Some studios build furniture. Tarantik & Egger build a conversation with the moment. Working from Germany, they turn local timber, steel, and instinct into outdoor pieces that don’t just sit there—they ask something back. We asked five questions to see how they pull it off.

1. What’s the single most important principle guiding your design philosophy, and how does it manifest in your latest collection?

Zeitgeist. The conversations we have consistently during our entire design process revolve around Zeitgeist. What is it in that given moment? Are we considering it? Material, form, finish, presentation; all of it is derived from such conversations.

At Tarantik & Egger, design doesn’t chase fashion—it captures a moment in motion. Their latest collection reflects an unbroken thread of questions about material, form, and feeling, all anchored to the present tense.

2. Materials tell a story. Can you share one material choice that defines your work, and why it’s non-negotiable for you?

We use local timber whenever we use wood.

It’s a choice that does more than nod to sustainability. Using local timber ties each piece to a real place, giving the work a grounded honesty that’s impossible to fake.

3. If you could change one misconception about your craft or industry, what would it be?

It sometimes takes a lot of energy to discuss our work, process and thinking with people outside our industry. We would teach design classes in high school to enable more people to talk comfortably about our craft and industry.

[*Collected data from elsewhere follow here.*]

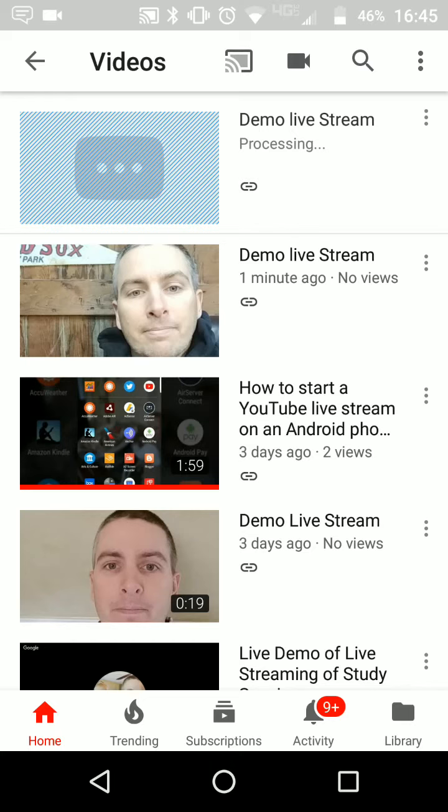Of course, I could make it public and then everyone can see it. So that's how you can create a live stream by using the YouTube Android app.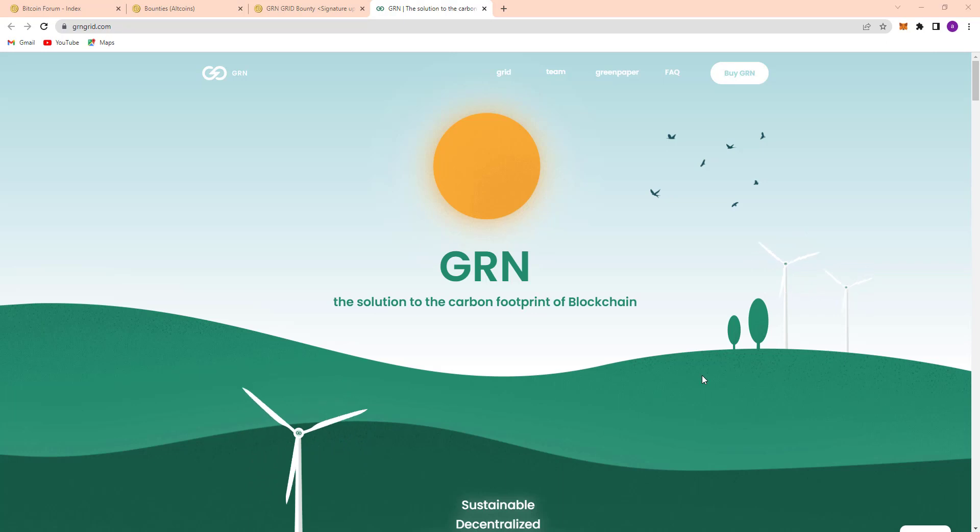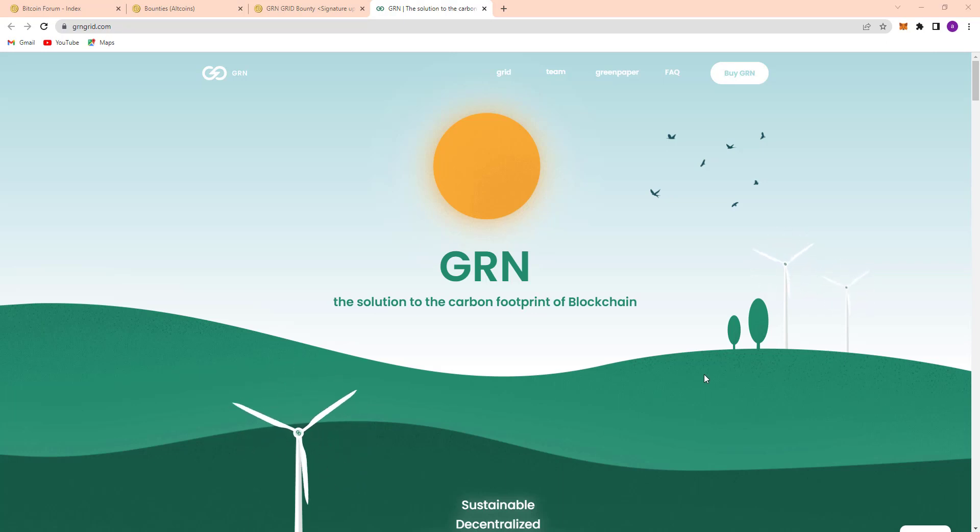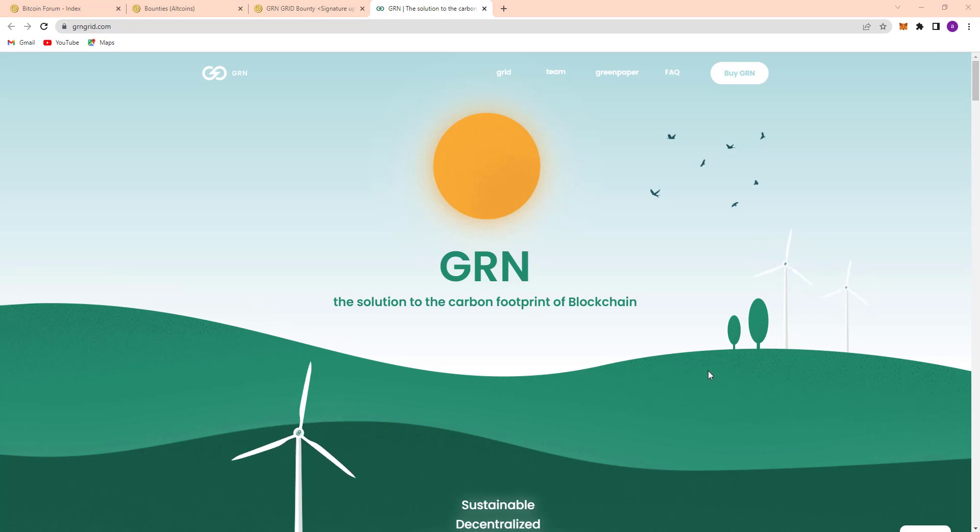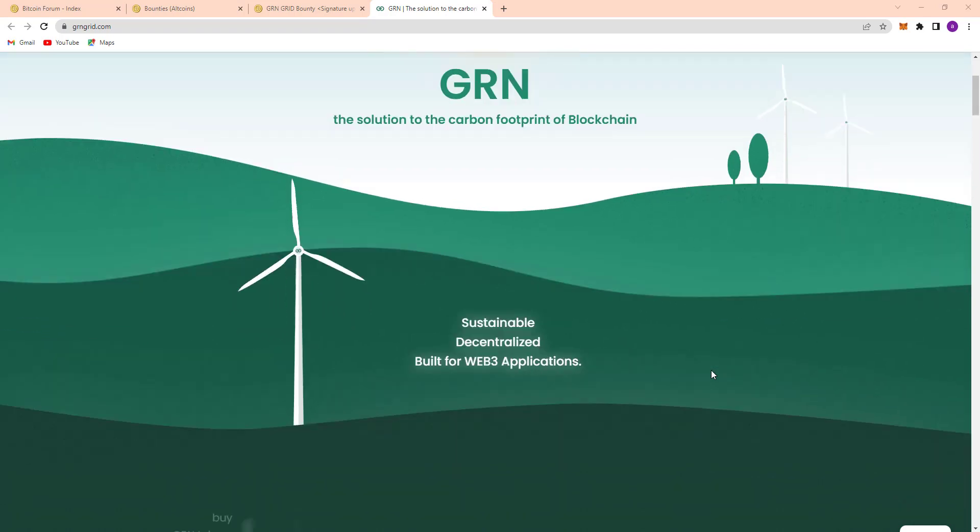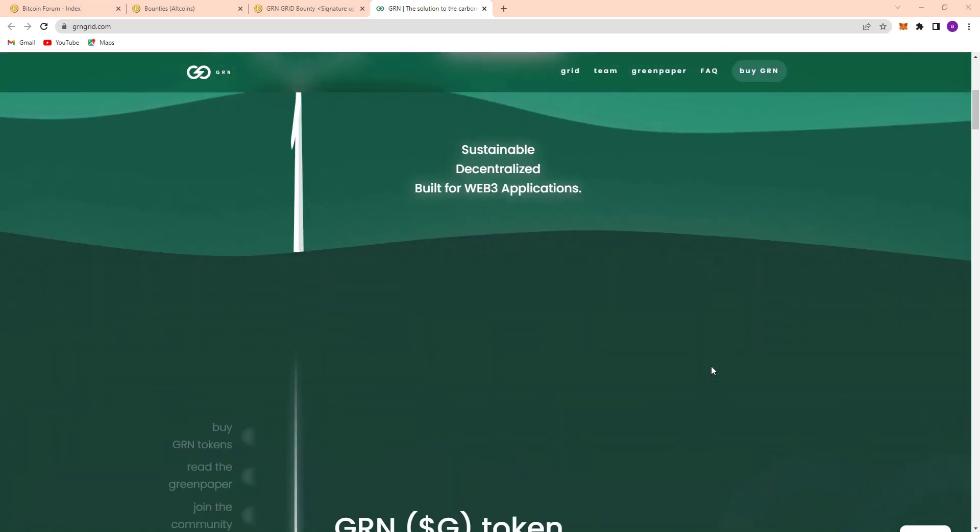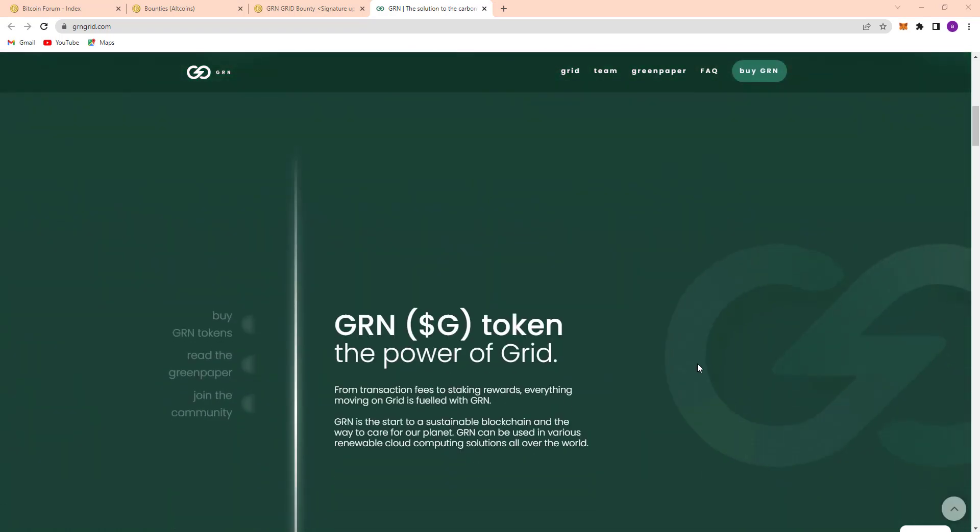So GRN, the solution to the carbon footprint of blockchain, is a sustainable decentralized world of Web3 applications. And here you can see buy tokens, read the green paper, and join the community.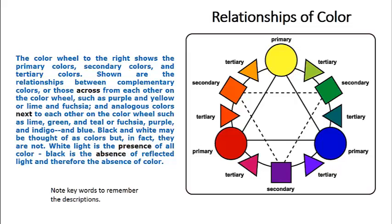Newton discovered this in 1666 AD by passing a beam of light through a prism. Newton's main colors were red, orange, yellow, green, blue, indigo, and violet.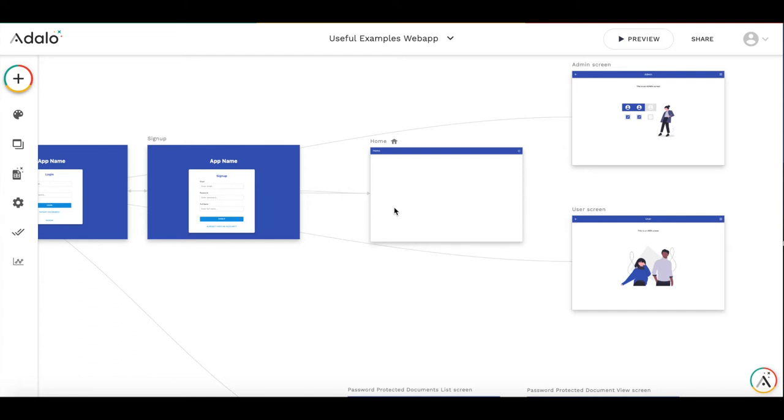Hi, in this video I will show you how to direct users to different screens depending on their role. For example, we have an admin user and we want them to access admin console, and the regular users who need to go to regular users screen.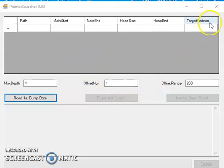This is Weetendo back with the new Pointer Searcher 0.03. I'm going to show you guys how to use this to search for pointers.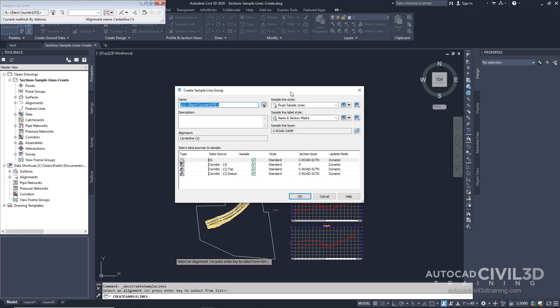Now you'll see that the Create Sample Line Group dialog box is displayed. This dialog box defines the characteristics of the sample line group. The templates shipped with Autodesk Civil 3D contain predefined line styles and line label styles for the sample lines. In the top portion of the dialog box, specify the following parameters. In the Sample Line Style, we're going to go ahead and leave it on Road Sample Lines.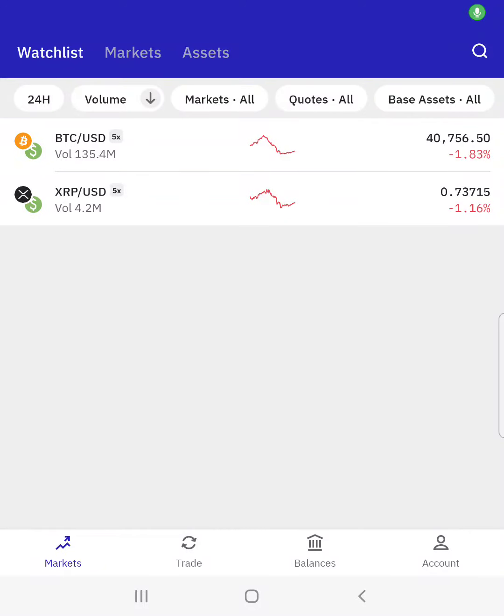Good morning guys, so just very quickly I'm going to show you how to do a leveraged trade using an exchange. This specific exchange is Kraken Pro.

For Tarantik & Egger, the challenge isn’t in making good design. It’s in making good conversations about it. Their wish? A world where more people feel at home speaking the language of craft.

4. What’s one decision in your design process that no one ever notices—but you’d never compromise on?

We usually choose the best parts and materials possible for our products. We work in the premium sector and it’s always a choice for the best.

Quiet decisions build lasting objects. For the studio, selecting the highest quality parts isn’t something they announce—but it’s something every piece quietly carries.

5. If someone truly understands your work, what’s the one thing they say that lets you know they “get it”?

“Tarantik & Egger is trying something.”

Not polishing what’s expected. Not repeating what sells. Trying something. It’s the risk—and the reward—that defines everything they make.